The third day was less touristy. We visited a floating fish farm where they keep the fish in the river (best place for them in my opinion) but in cages suspended below floating houses. We visited a Cham village (the Islamic community who once had a kingdom in central Vietnam) and saw some silk weaving, a mosque and a silk retail opportunity. Along with the flood marks on the local stilted houses reminding us of the yearly flooding that brings both life and destruction to the delta. Mostly life though, somewhat obviously.

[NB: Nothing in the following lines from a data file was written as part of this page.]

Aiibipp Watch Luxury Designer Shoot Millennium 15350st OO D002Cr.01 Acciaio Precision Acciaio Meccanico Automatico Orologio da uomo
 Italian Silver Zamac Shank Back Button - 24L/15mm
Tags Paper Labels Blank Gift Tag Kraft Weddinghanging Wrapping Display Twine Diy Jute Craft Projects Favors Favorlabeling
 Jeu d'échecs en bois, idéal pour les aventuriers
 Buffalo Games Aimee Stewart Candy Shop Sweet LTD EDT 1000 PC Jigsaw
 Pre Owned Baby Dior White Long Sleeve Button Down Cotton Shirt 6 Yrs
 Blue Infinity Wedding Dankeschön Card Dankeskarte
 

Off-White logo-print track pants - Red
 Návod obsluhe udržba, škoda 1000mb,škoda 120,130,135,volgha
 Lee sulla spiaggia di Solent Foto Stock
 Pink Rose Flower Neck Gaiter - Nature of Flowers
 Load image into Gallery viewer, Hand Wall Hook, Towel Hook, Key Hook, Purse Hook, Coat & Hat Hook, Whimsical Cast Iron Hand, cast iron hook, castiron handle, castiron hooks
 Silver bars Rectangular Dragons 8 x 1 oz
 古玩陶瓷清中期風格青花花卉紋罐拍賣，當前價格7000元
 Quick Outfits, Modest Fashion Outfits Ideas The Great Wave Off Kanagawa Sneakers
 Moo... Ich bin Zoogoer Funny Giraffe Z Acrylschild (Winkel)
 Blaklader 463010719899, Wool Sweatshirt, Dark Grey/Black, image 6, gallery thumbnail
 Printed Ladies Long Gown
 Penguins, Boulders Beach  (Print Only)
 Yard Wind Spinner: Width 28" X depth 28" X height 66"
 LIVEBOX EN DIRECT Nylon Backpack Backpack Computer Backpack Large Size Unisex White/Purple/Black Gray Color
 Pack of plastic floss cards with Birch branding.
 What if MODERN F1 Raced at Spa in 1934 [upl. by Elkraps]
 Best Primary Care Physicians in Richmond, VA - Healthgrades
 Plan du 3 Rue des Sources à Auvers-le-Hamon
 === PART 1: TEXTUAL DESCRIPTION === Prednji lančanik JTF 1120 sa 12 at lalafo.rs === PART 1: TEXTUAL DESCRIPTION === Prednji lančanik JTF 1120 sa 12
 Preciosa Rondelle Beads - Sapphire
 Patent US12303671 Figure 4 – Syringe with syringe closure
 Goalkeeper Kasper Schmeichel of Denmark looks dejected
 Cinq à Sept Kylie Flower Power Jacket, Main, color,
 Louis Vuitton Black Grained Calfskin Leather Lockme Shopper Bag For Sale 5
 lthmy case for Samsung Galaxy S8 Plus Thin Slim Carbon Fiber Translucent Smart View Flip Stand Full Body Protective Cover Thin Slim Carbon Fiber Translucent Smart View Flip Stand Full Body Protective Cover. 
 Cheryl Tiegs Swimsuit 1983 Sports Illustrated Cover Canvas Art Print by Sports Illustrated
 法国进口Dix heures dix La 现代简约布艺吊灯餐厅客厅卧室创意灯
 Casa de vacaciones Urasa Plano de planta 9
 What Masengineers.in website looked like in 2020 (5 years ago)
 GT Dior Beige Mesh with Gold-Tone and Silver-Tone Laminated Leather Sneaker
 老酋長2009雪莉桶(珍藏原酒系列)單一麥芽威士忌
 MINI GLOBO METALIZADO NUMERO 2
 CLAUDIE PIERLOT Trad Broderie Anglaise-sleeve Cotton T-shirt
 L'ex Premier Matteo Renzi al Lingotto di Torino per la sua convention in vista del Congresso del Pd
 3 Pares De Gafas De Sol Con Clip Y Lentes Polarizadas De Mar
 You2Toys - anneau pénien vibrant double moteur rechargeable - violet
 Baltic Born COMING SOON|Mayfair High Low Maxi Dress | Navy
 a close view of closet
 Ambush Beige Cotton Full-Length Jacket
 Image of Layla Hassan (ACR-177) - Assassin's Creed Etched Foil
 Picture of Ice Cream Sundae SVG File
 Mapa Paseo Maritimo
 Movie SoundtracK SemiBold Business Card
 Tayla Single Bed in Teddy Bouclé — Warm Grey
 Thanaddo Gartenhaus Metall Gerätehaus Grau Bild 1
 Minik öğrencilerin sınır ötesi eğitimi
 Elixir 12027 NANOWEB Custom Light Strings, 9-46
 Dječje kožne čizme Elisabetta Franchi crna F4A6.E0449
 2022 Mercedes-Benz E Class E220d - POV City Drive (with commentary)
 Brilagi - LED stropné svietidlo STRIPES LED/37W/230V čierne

Those heading to Cambodia left at this point, so of the twenty odd people that started our tour on day one (and it was a pretty cool and fun group to be with, mainly thanks to the humerous, outgoing Malaysian family that were onboard) we were down to just five, Alex and I, and three germans. It was definitely nicer to be in a small group and without following around other tour groups like we had been previously. So we headed to the nicest pagoda so far, light and airy but still with all the awesome decoration that goes with these Pagodas. Unfortunatly no pics though, weren't allowed. And then onwards to Sam mountain, one of seven lumps of rock sticking out of the delta, and so, despite being just a couple of hundred metres tall, offers some amazing views of the delta over both Vietnam and Cambodia. The ground looked a little less green though than I was expecting. Mainly because we were visiting just a couple of weeks after the last harvest of the year, when things are drying out and the remaining rice paddies are burnt to provide fertiliser for the next crop. Still pretty though. We got this awesome view from the Cavern Pagoda, halfway up the side. The Pagoda itself was fascinating andf beautiful and I'm definitely learning a fair amount about Buddhism. The entire afternoon was spent on the bus back home. Tiring but a good trip.
Overall it was a good trip despite the initial deficiencies and I definitly think the Mekong Delta is an awesome, beautiful yet functional place to be and to explore. It just needs a little time, a little peace and quiet to show its true colours, thats all.